Какая счастливая и несчастная наша пара молодых танцоров – они не прячутся, они считаются как бы мужем и женой, но как ужасны их интимные встречи где попало, как попало, фактически на глазах у всех, и не дай Бог ей забеременеть, как только беременность станет заметной, их тут же разлучат: ее отправят в лагпункт "мамок", а такового в этом лагере, оказывается, нет, и значит, неизвестно куда, и бедная девочка будет скрывать беременность и танцевать до самых родов... какой бы был у нас с Алешей малыш?..
Мой успех достиг апогея: и скандируют, и кричат, и бросают восторженные записки, я пою своей любовью, и пою, и пою, и я счастлива.

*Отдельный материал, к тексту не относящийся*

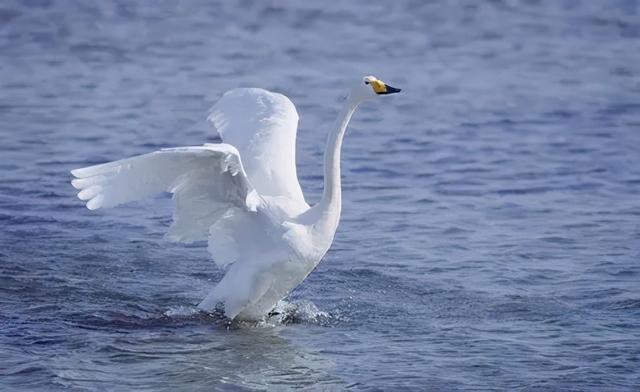 难忘秋月 林清玄：心里的天鹅
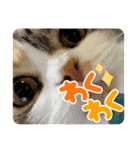 りかぽスタンプ（個別スタンプ：13）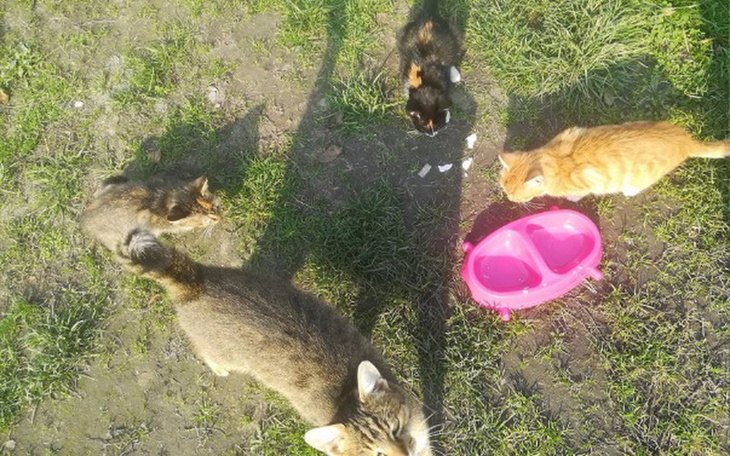 Zbiórka Pomoc dla bezdomniaków! - zdjęcie główne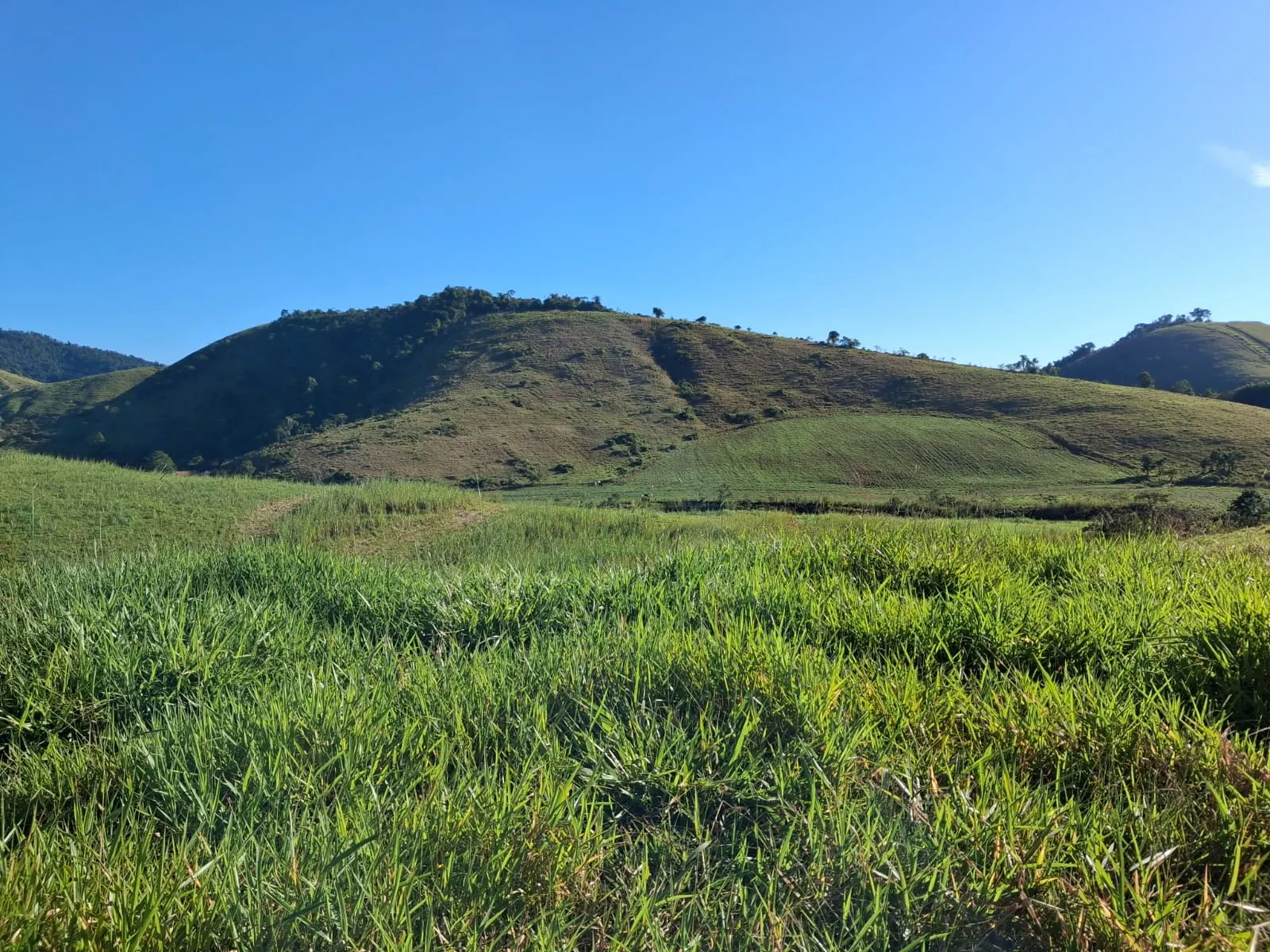 Fazenda à venda de 799 ha em São José do Barreiro, SP, Brasil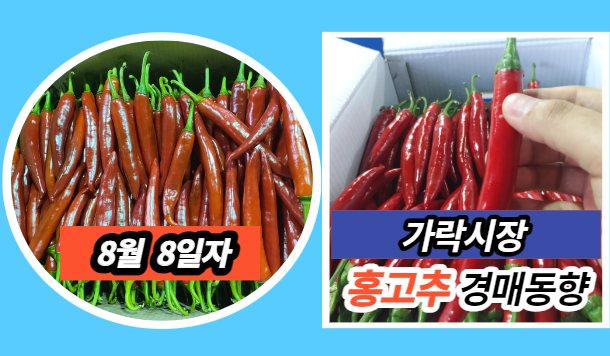  [경매사 일일보고] 8월 8일자 가락시장 홍고추 경매동향을 살펴보겠습니다!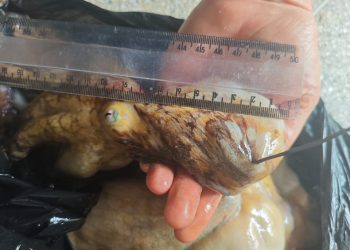 Polícia Militar flagra pesca ilegal de Polvos em praia do ES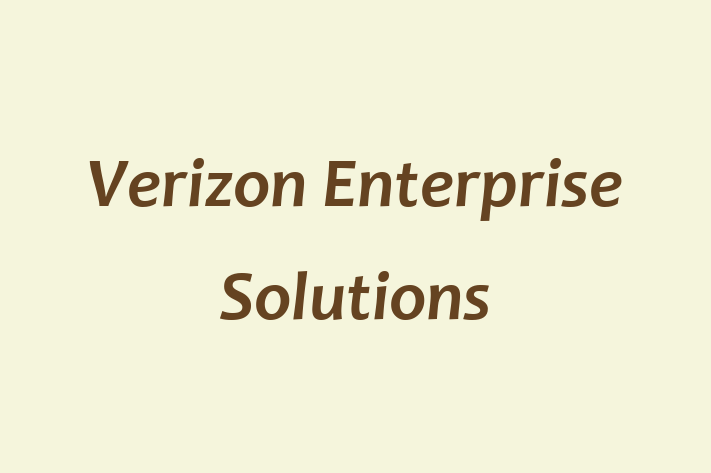 Software Firm Verizon Enterprise Solutions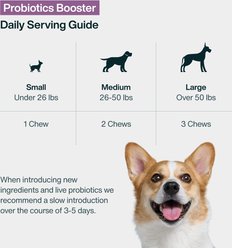 JustFoodForDogs Probiotic Booster Gut, Digestive Health Support, Diarrhea, Human Grade Ingredients Soft Chews Supplement for Dogs, 45 count slide 2 of 8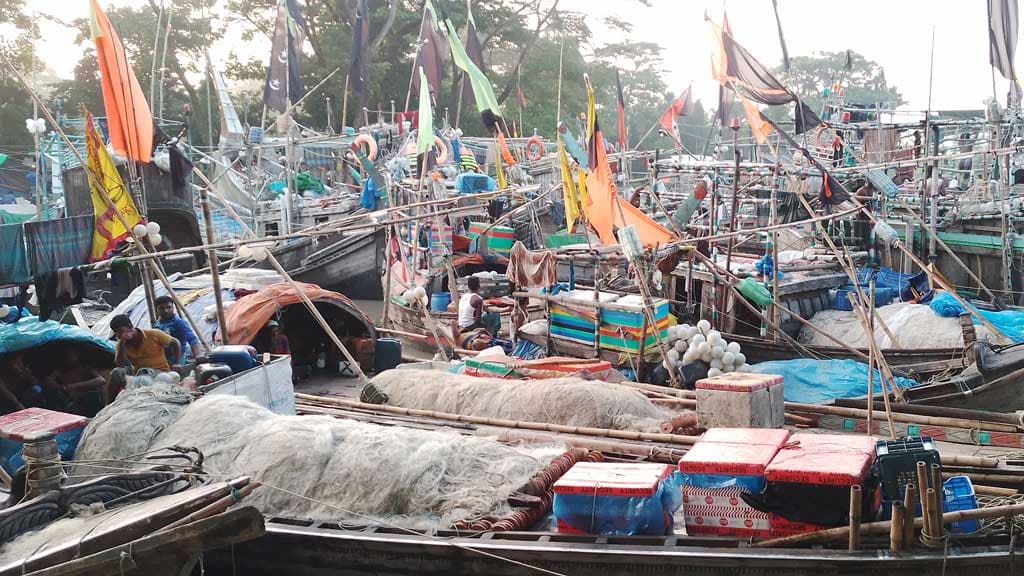 ইলিশ ধরা না পড়ায় মেঘনাপাড়ের অর্থনীতিতে বিরূপ প্রভাব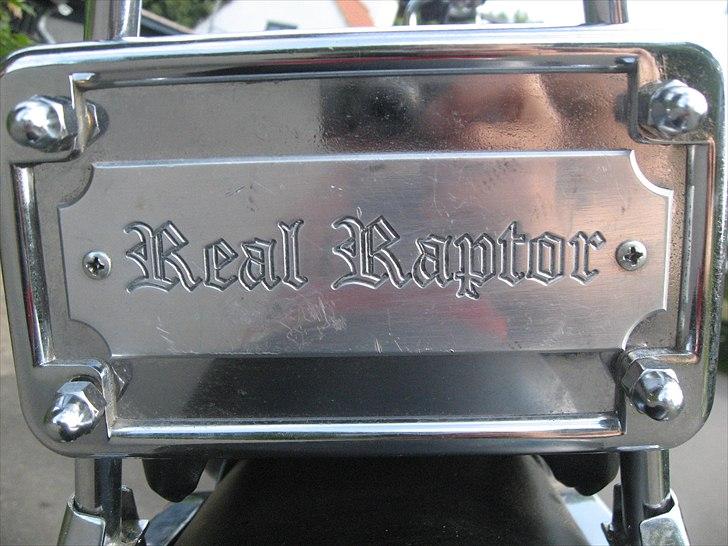 Regal Raptor *SOLGT* billede 4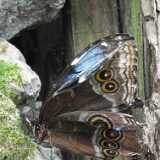 DSCF5675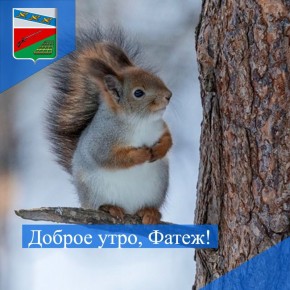 ДОБРОЕ УТРО. Пусть декабрьский денёк принесёт вам чудесное настроение, улыбки и наполнит сердце теплом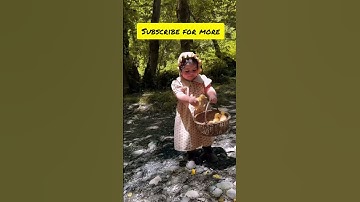 A Little Girl Playing with Baby Ducks 🥹💛 So Pure!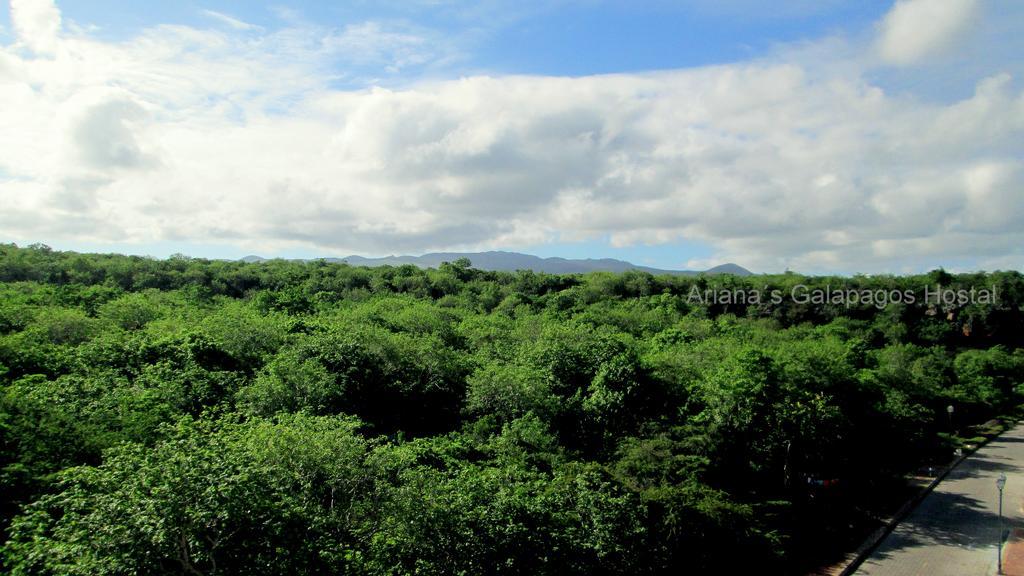 Ariana'S Galapagos Hostal Puerto Ayora  Dış mekan fotoğraf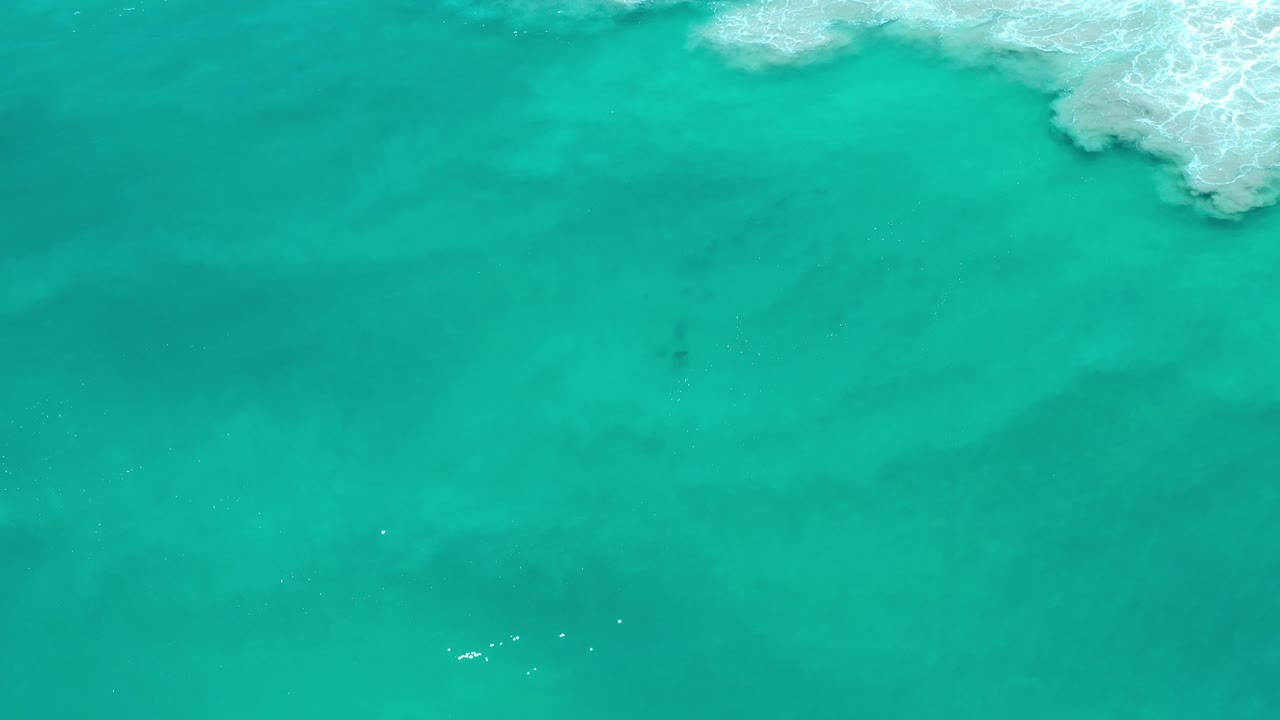 Overhead view of green-blue ocean water in Los Cabos, Mexico, with pale surf foam near the top edge and no visible people.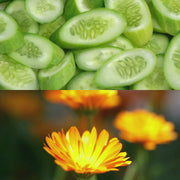 Cucumber Calendula Hydrosol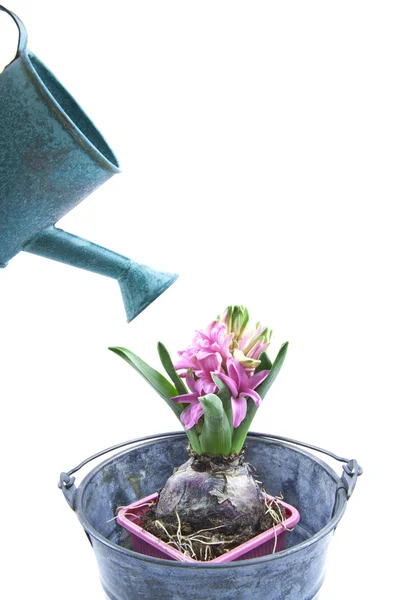 Watering the hyacint — Stock Photo, Image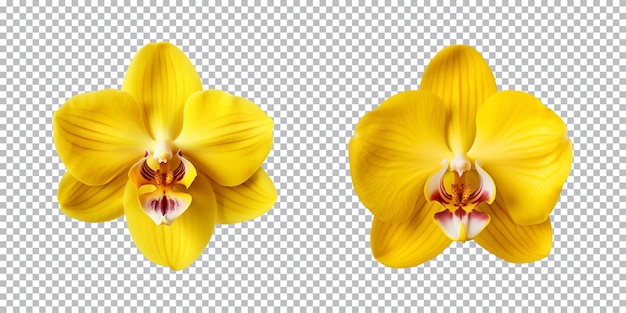 Fiori di orchidee gialle su uno sfondo trasparente png vista superiore.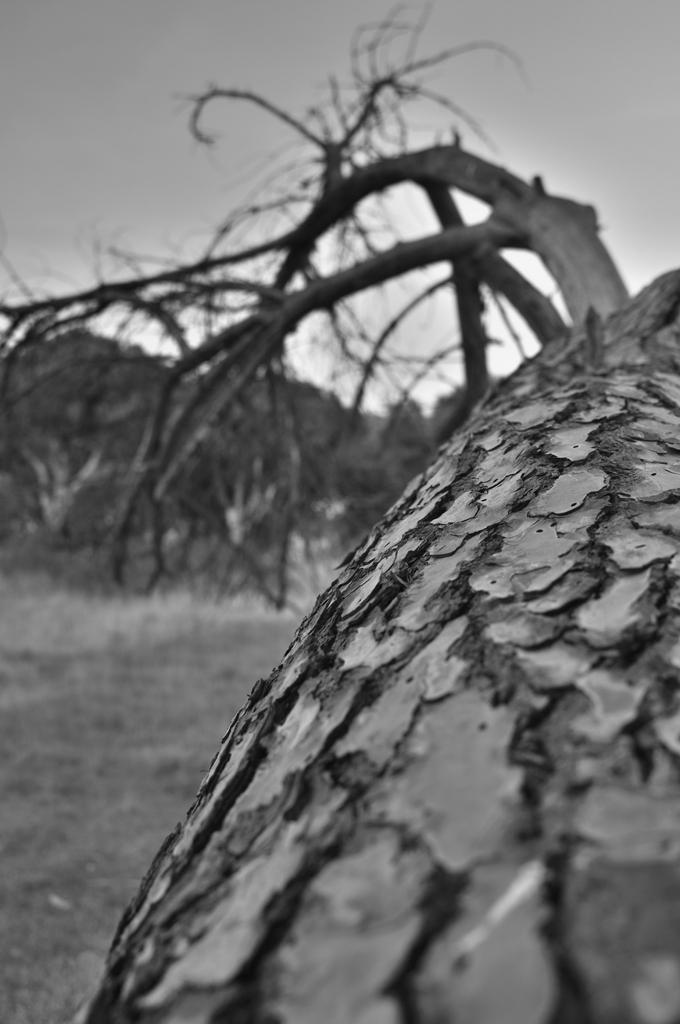 Albero caduto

Нас привезли на "кукушке" днем на концерт, и надо идти до лагеря метров пятьсот. День солнечный, мороз мягкий, и вдруг, как в сказке, повалил снег, да такой, что конвой приказал остановиться, – огромные, неправдоподобные, как в Большом театре, хлопья покрывают все белой пушистой пеленой, не видно даже соседа. Я ловлю губами пушинки, и нежные руки меня обнимают, и горячие губы вместе со снежинками меня целуют, и я тону, и большего счастья на земле нет, сон... рай... между нашими губами рука Софули.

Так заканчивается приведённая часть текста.